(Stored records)
┄┄┄┄┄┄┄┄┄┄

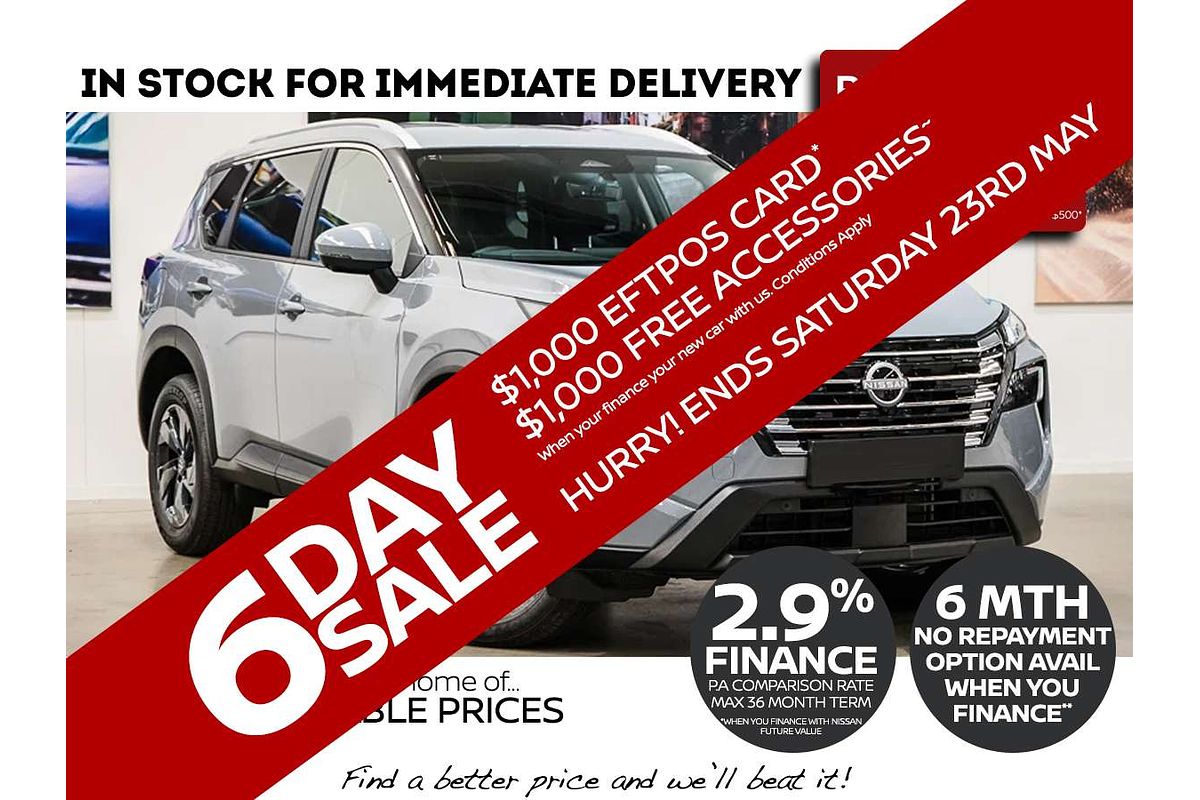 2026 Nissan X-TRAIL ST-L T33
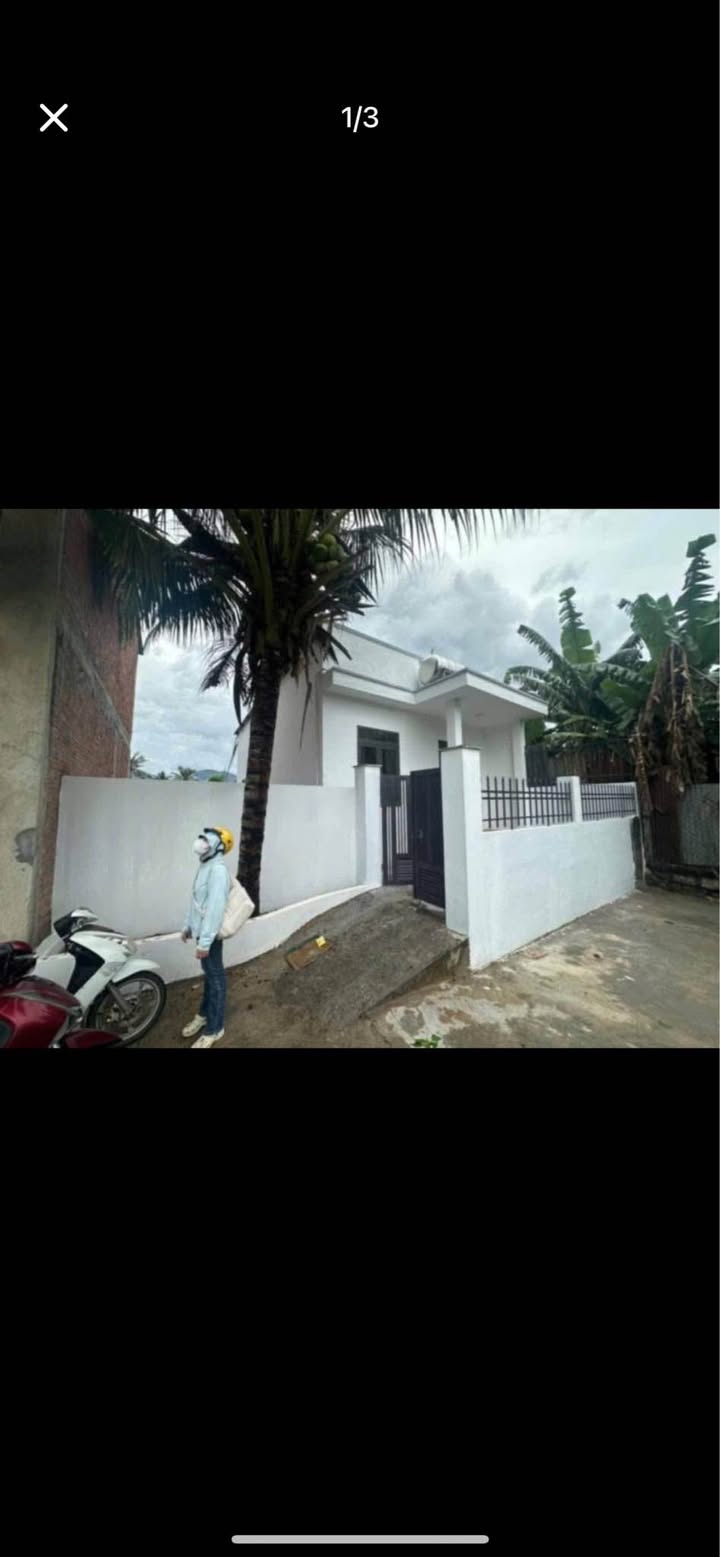 Nhà riêng Vĩnh Trung Nha Trang 90m² giá 1.7 tỷ - Nhà mới 85%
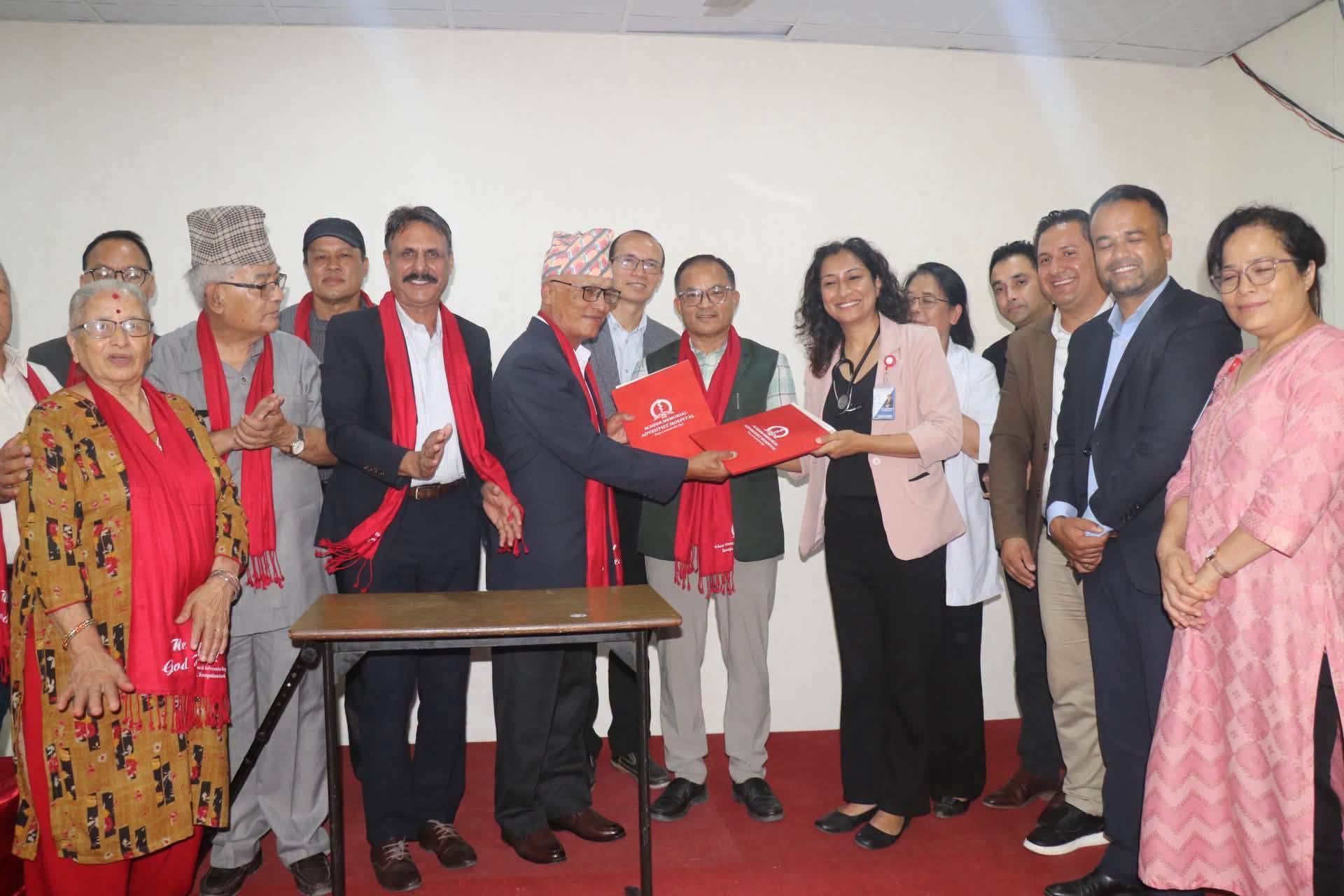 एउटा भवन, हजारौंको आशाः प्रधानको अनुकरणीय योगदानले बाँच्नेछन् कयौं जीवन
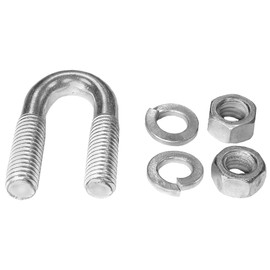 Buyers Products 1302360 Clevis, U-Bolt W/Nuts, Replaces Fisher #A6148
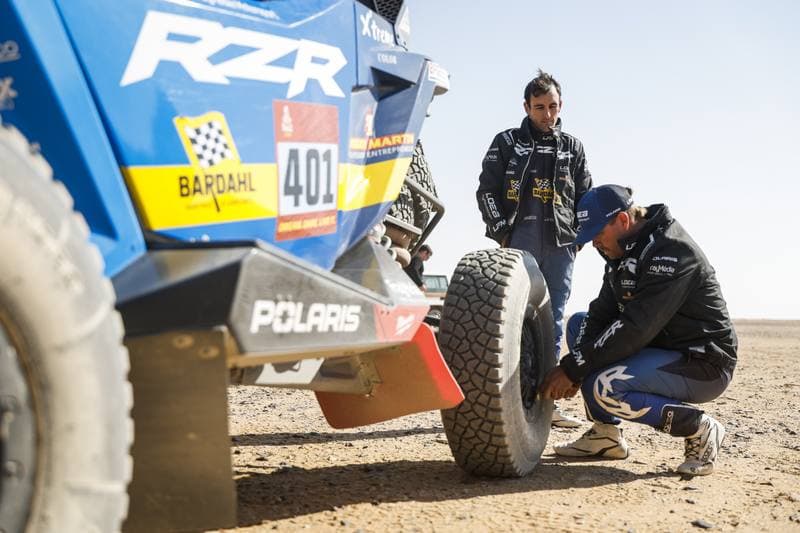 Motorsport. Dakar Rally. Stage 8. 12.01.2026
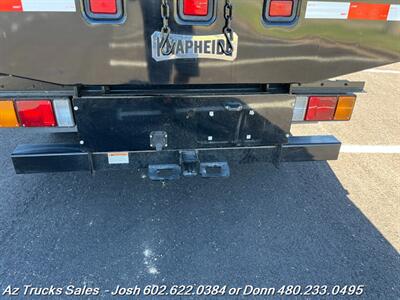 2014 Isuzu NPR-HD Crew Cab, 14' Dump Truck - Photo 8 - Scottsdale, AZ 85257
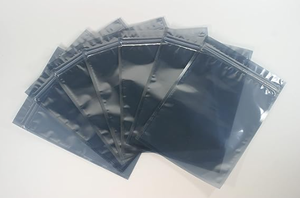 Anti-Static LDPE Zipper Top <b>Packaging</b> <b>Bag</b> for Consumer Electronics Camera Screen Printing Surface Handling SYSTECH Brand - Product Image 4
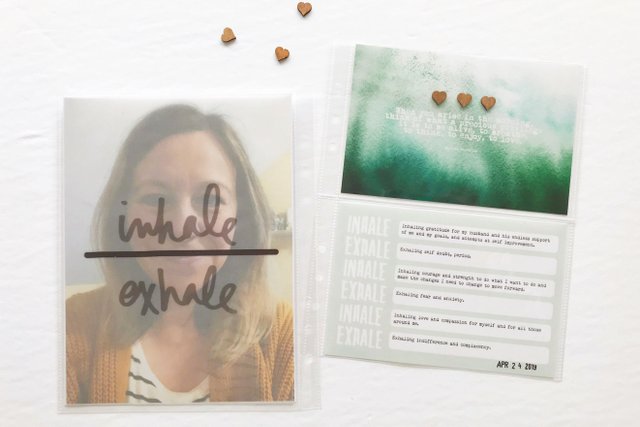 Inhale|Exhale, 1 of 2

┄┄┄┄┄┄┄┄┄┄

→ What this task involves
Verbatim copy, images excluded: transcribe all the entries above.

→ Finished exercise
 2026 Nissan X-TRAIL ST-L T33
 Nhà riêng Vĩnh Trung Nha Trang 90m² giá 1.7 tỷ - Nhà mới 85%
 एउटा भवन, हजारौंको आशाः प्रधानको अनुकरणीय योगदानले बाँच्नेछन् कयौं जीवन
 Buyers Products 1302360 Clevis, U-Bolt W/Nuts, Replaces Fisher #A6148
 Motorsport. Dakar Rally. Stage 8. 12.01.2026
 2014 Isuzu NPR-HD Crew Cab, 14' Dump Truck - Photo 8 - Scottsdale, AZ 85257
 Anti-Static LDPE Zipper Top <b>Packaging</b> <b>Bag</b> for Consumer Electronics Camera Screen Printing Surface Handling SYSTECH Brand - Product Image 4
 Inhale|Exhale, 1 of 2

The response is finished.